Posted by sydney on Sep 11th, 2008
  • 1791: September 11, 1791 – Grey crow returns, & is seen near Andover.  Some nightly thief stole a dozen of my finest nectarines.
  • 1789: September 11, 1789 – Ophrys spiralis, ladies traces, in bloom the long Lythe, & on top of the short Lythe.  Wasps seize on butter-flies, &, shearing off their wings, carry their bodies home as food for their young: they prey much on flies.
  • 1788: September 11, 1788 – Nep. Ben & Wife, & nurse & baby left us, & went to Newton.
  • 1787: September 11, 1787 – Cow-grass housed.  Gathered heaps of Cucumbers.
  • 1783: September 11, 1783 – Sam White, & Ben Woods returned to Fyfield.  Fly-catcher.  Harvest moon.  Selborne hopping lasts only two days in Farmer Spencer’s, & Master Hale’s gardens;  many gardens afford no pickings at all.  Mr Hale will have only about 200 weight.  The great garden at Hartley, late Sr. Sim. Stuart’s, consisting of 20 acres, produced only about 2 tons.
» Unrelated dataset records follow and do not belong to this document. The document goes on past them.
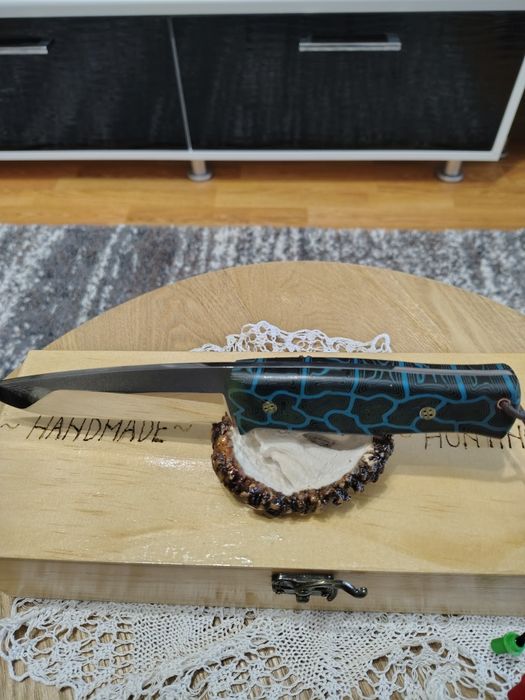 Cuțit lucrat manual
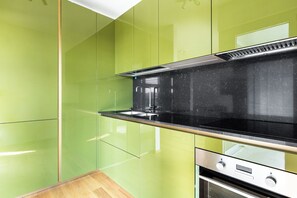 公寓 | 私人廚房 | 大型冰箱、爐台、洗碗機、電熱水壺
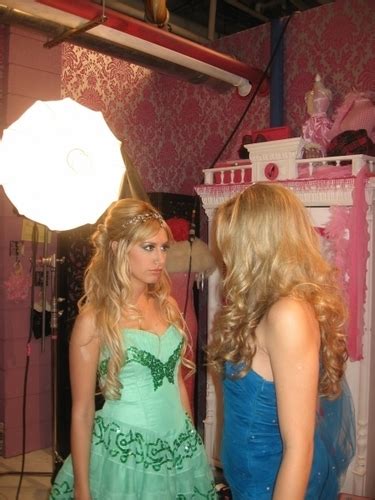 HSM behind the scenes - Ashley Tisdale Photo (10286837) - Fanpop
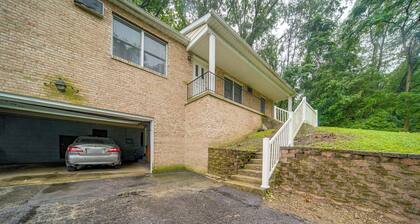 3 Mi to Mill Creek Parks - Pet Friendly!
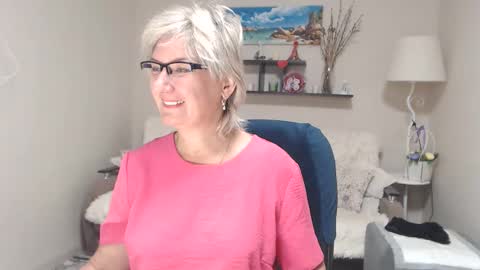 Snapshot of leilamays chatting on September 26, 2:26 am Leila Kinky online show from September 26, 2:26 am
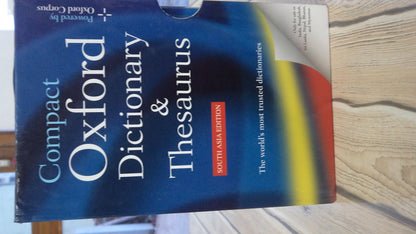 Compact oxford dictionary & thesaurus [hardcover] [box set] (rare books)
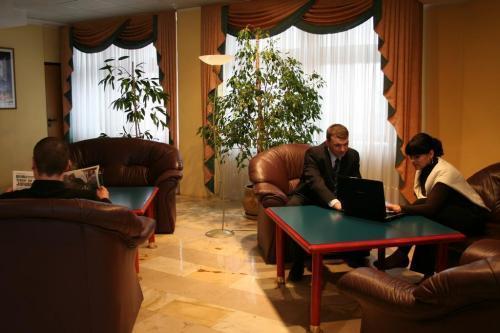 Hotel Kongresowy كيلتشي المظهر الخارجي الصورة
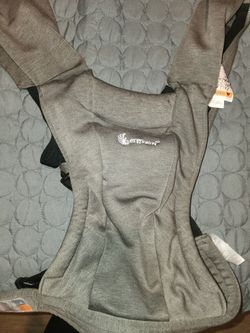 Ergobaby Carrier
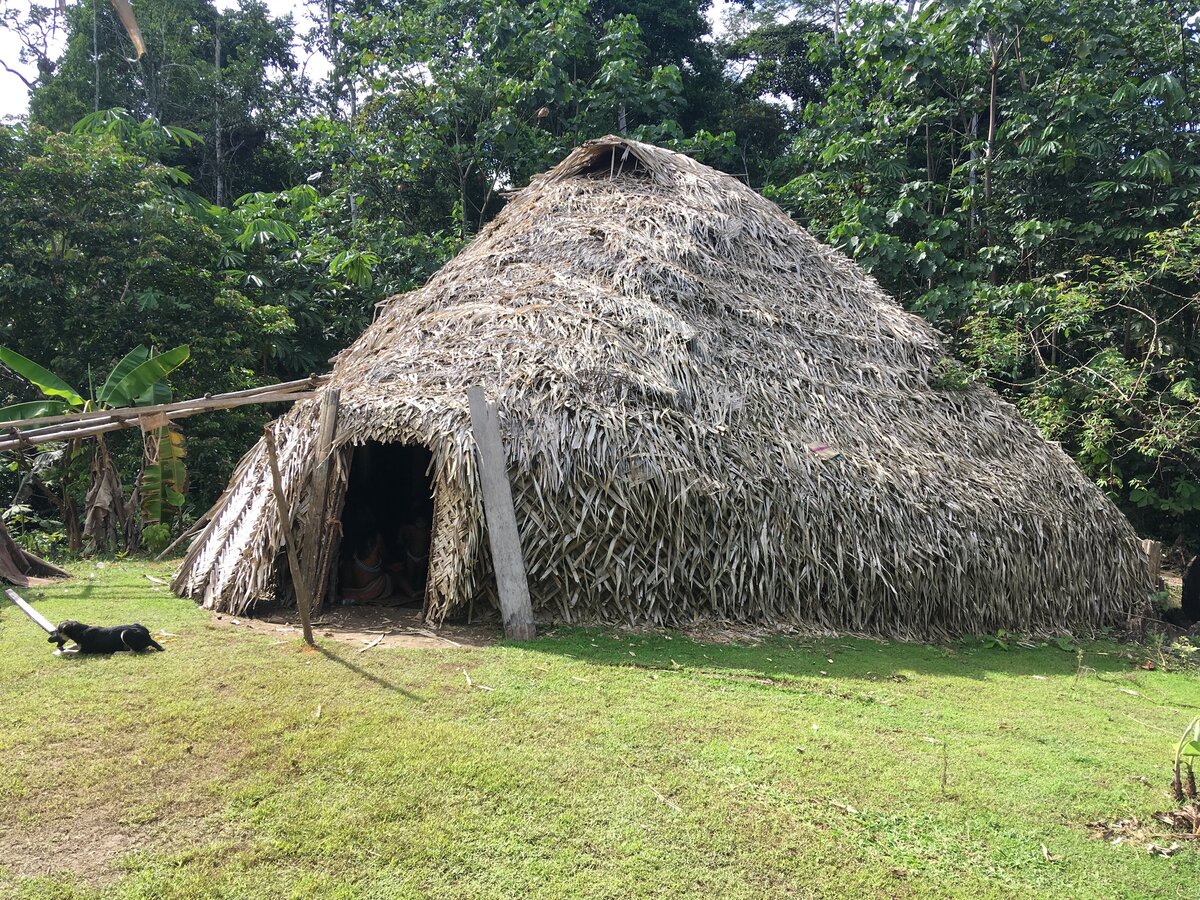 Традиционнный общинный дом индейцев-молока.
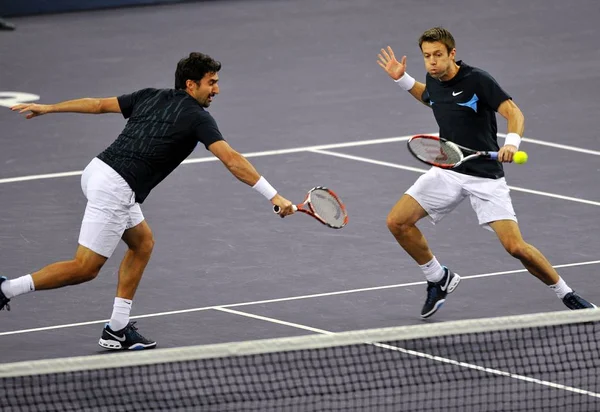 Daniel Nestor Kanady Nenad Zimonjic Srbska Soutěžit Björkmanem Jonas Švédska — Stock fotografie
  • 1782: September 11, 1782 – Goody Hammond returned to weed in the garden.  Got-in two loads of wheat at last in good order.  The perfoliated yellow centaury in seed on the bank above Tull’s cottage.  Chlora perfoliata.  On this day Lord Howe sailed from Spithead with 34 ships of the line, as is supposed for the relief of Gibraltar.
  • 1781: September 11, 1781 – Bean-harvest & vetch harvest.
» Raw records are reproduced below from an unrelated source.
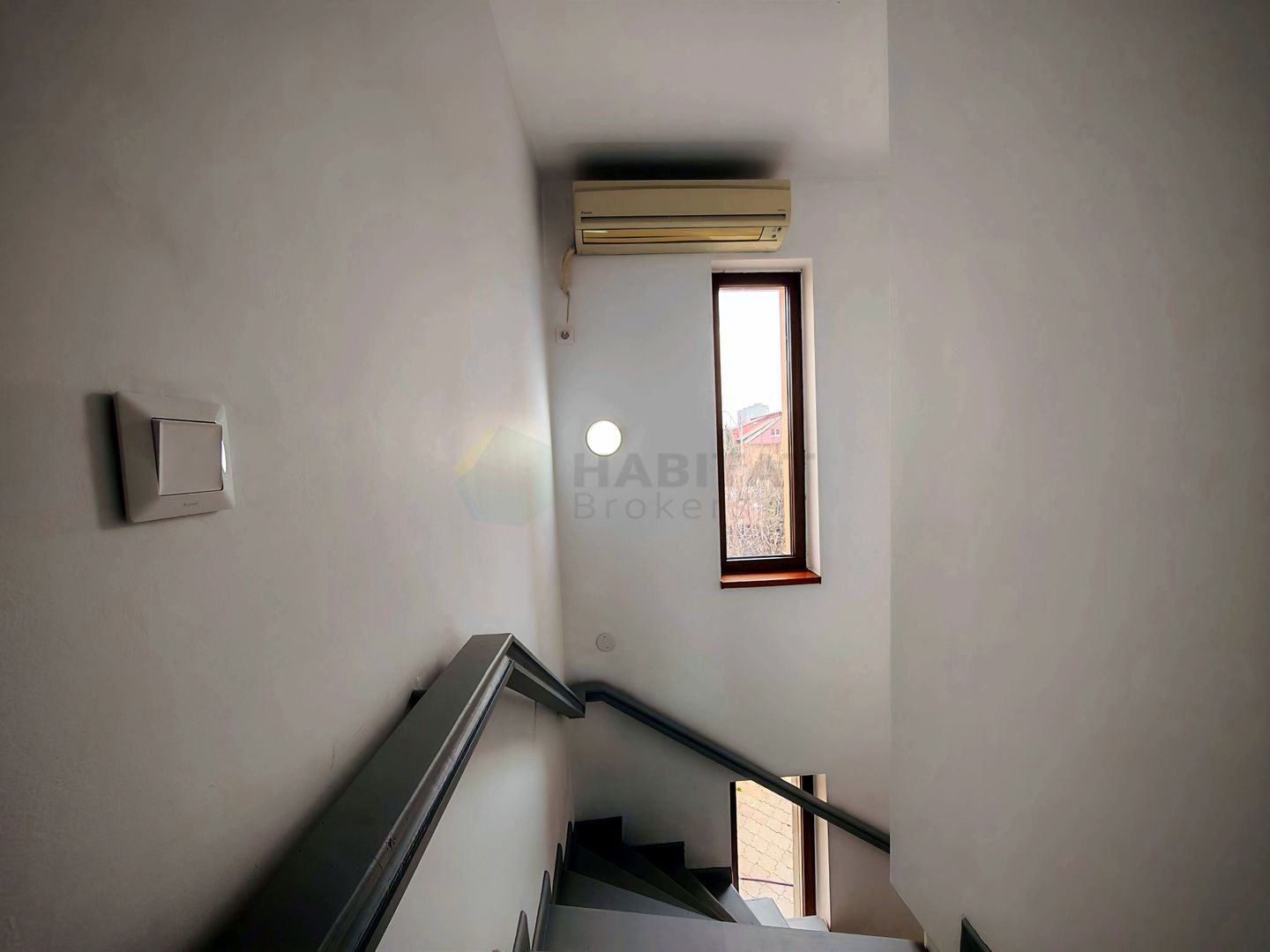 Vilă Individuală cu o curte generoasa zona Aparatorii Patriei - Poză 11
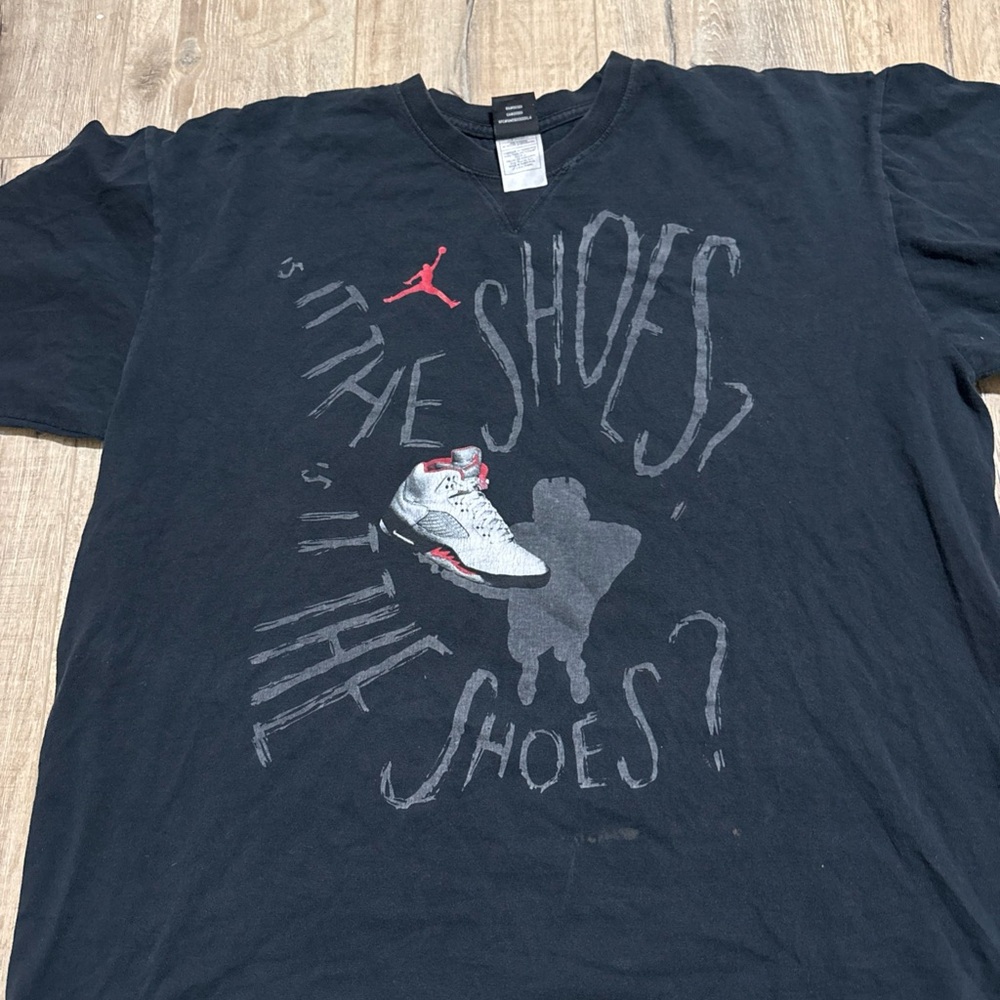 Vintage Jordan Black Graphic”it’s in the shoes”t-Shirt with Red and White Design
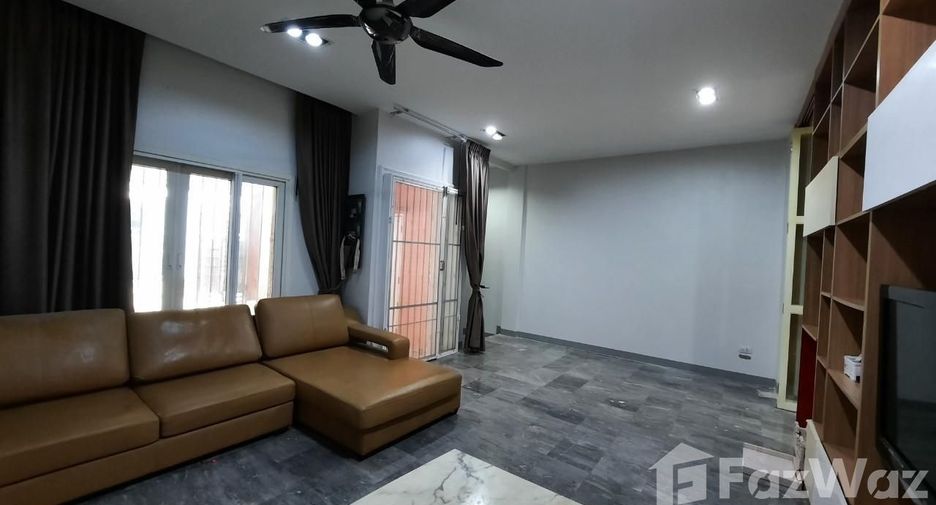 Casa adosada en venta y en alquiler de 5 habitaciones en Suan Luang, Bangkok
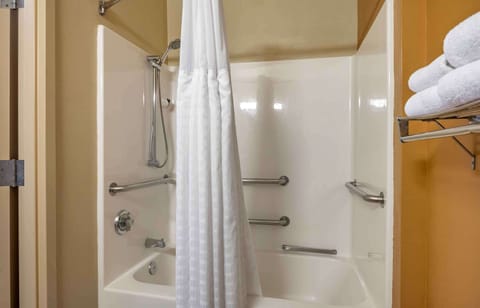 Studio, 1 Queen Bed, Accessible, Non Smoking | Bathroom | Combined shower/tub, free toiletries, towels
  • 1779: September 11, 1779 – The rain that fell in my absence was 73.
  • 1778: September 11, 1778 – Martins congregate in vast flocks, & frequent trees, & seem to roost in them.  The second brood of Martins near the stair-case window, which were hatched Aug. 8, came-out September 5th.  So that the building a nest, & rearing two broods take up much about four months, May, June, July, & August; during September they congregate, & retire in October.
  • 1777: September 11, 1777 – Mrs Snooke’s tortoise devours kidney-beans & cucumbers in a most voracious manner: swallows it’s food almost whole. * Timothy the tortoise weighed six pounds 3 quarters, 2 oz. & a half: so he is not at all encreased in weight since this time last year. The scales were not very exact.
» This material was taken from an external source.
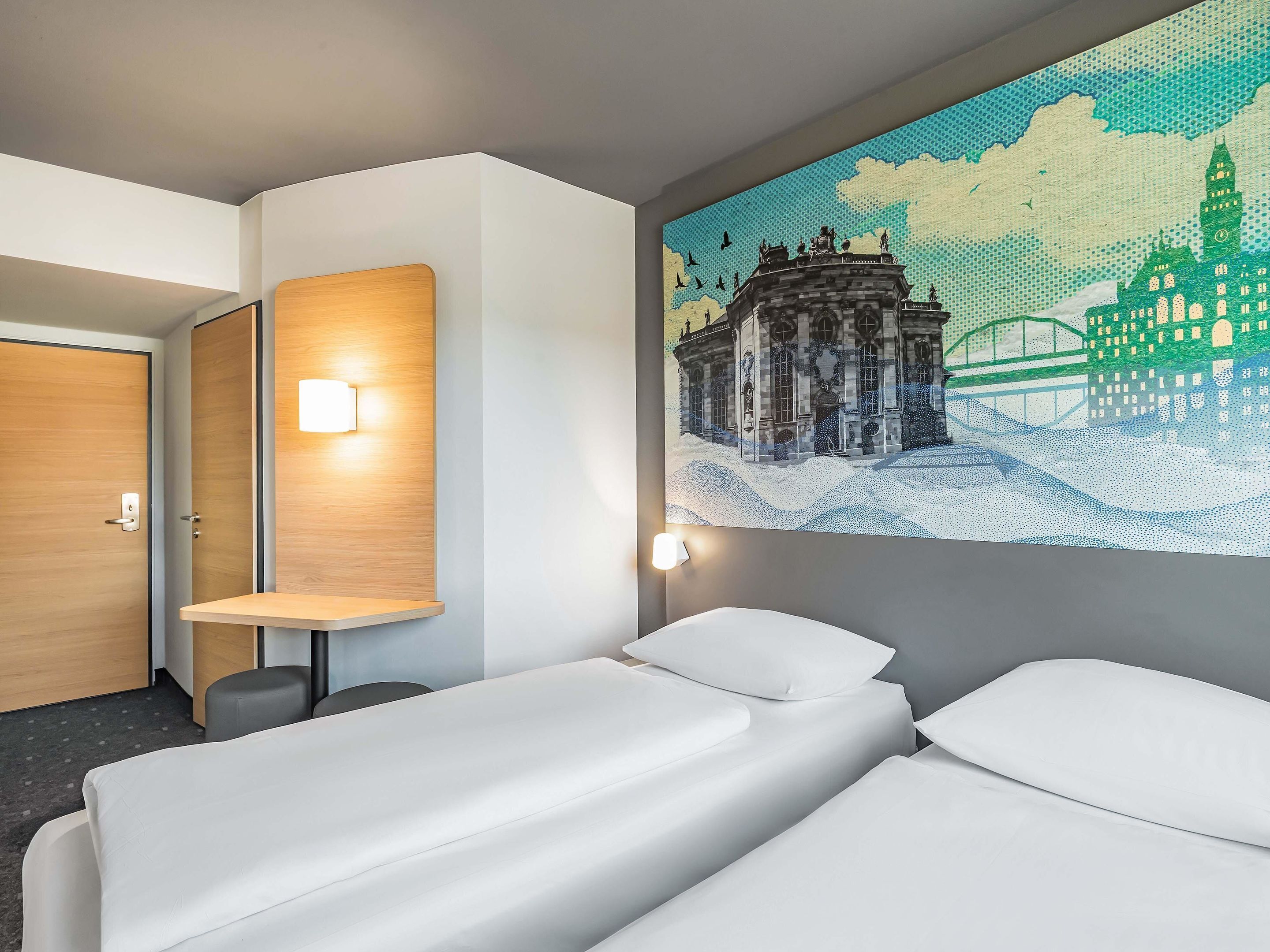 Twin Room | Free WiFi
  • 1775: September 11, 1775 – Much barley abroad, most of it standing: what is cut lies in a sad way.  Hop-picking becomes interrupted: hops become brown.
  • 1774: September 11, 1774 – Martins do not seem to engage much this year in second broods.  Are they discouraged by the cold, wet, season?
  • 1773: September 11, 1773 – Wasps encrease, & injure peaches & nect: & begin on the grapes. Young martins come out.
  • 1772: September 11, 1772 – Ring-ouzel appears on it’s autumnal visit: several seen.  Stoparolas seem to be gone for three days past.